Dataset entries
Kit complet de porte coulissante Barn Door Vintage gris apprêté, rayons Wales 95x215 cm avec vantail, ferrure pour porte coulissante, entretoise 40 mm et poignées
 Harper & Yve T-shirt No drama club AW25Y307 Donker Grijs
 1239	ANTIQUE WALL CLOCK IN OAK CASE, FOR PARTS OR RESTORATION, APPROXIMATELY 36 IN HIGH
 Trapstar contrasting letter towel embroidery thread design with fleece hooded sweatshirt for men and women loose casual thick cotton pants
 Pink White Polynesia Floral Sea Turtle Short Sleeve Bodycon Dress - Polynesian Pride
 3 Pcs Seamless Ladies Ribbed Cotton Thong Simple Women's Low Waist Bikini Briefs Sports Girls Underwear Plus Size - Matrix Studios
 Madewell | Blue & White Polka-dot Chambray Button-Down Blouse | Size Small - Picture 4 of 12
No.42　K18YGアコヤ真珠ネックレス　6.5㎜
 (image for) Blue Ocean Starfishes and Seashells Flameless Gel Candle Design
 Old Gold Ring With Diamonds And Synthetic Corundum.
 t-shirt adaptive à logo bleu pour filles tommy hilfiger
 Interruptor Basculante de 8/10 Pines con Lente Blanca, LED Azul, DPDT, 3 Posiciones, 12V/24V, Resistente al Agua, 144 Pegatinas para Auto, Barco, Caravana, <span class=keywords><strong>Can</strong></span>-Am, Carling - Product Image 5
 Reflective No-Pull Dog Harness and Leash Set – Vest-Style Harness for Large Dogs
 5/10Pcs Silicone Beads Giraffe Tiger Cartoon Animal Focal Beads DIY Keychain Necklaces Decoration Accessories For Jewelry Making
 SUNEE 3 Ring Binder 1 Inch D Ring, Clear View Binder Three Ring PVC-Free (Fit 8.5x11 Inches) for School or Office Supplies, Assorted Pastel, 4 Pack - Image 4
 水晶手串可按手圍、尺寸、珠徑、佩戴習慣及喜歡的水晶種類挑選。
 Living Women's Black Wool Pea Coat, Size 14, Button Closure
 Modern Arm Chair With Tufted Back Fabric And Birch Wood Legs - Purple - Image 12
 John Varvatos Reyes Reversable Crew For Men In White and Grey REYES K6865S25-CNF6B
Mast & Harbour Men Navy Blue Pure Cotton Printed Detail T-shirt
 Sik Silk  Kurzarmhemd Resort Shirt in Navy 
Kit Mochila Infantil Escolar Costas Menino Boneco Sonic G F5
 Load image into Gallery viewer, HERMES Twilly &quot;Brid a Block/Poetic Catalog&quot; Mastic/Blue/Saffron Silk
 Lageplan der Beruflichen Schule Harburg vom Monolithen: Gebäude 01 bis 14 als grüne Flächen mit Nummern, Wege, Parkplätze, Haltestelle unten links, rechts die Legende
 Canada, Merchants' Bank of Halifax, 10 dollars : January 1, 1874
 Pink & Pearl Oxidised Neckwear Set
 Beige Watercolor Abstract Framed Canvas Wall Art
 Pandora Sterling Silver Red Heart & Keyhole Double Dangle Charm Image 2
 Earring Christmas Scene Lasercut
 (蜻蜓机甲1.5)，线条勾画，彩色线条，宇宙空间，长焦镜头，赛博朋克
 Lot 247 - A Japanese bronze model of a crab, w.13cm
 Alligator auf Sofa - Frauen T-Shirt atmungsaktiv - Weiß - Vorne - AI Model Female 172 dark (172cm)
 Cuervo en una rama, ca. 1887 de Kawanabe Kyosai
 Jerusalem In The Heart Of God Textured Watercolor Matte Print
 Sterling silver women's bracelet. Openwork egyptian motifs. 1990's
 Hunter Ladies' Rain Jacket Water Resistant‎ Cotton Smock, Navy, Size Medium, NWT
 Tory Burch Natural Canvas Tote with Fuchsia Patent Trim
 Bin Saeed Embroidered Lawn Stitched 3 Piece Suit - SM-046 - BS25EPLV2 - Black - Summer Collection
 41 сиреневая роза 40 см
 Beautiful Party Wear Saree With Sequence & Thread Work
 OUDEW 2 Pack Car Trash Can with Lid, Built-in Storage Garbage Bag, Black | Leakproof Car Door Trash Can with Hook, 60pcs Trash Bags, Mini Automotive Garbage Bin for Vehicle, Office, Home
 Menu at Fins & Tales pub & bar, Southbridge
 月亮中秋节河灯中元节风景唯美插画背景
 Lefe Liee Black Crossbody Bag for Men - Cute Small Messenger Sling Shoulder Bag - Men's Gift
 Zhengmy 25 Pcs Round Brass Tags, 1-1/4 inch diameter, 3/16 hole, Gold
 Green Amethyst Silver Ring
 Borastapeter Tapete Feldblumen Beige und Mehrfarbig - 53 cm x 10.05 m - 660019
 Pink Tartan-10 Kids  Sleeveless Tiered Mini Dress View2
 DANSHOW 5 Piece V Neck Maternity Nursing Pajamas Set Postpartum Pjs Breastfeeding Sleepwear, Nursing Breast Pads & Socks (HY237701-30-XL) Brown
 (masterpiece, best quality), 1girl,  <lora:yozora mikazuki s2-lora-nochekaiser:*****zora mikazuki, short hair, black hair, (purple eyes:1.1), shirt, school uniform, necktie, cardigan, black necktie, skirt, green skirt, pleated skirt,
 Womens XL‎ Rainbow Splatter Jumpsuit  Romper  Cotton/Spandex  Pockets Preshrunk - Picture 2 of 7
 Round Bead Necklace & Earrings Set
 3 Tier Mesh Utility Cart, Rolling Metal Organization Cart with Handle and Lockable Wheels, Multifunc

[Task directions] Would you copy each line of the records that contains "Ladies"?

[Output for this exercise]
 3 Pcs Seamless Ladies Ribbed Cotton Thong Simple Women's Low Waist Bikini Briefs Sports Girls Underwear Plus Size - Matrix Studios
 Hunter Ladies' Rain Jacket Water Resistant‎ Cotton Smock, Navy, Size Medium, NWT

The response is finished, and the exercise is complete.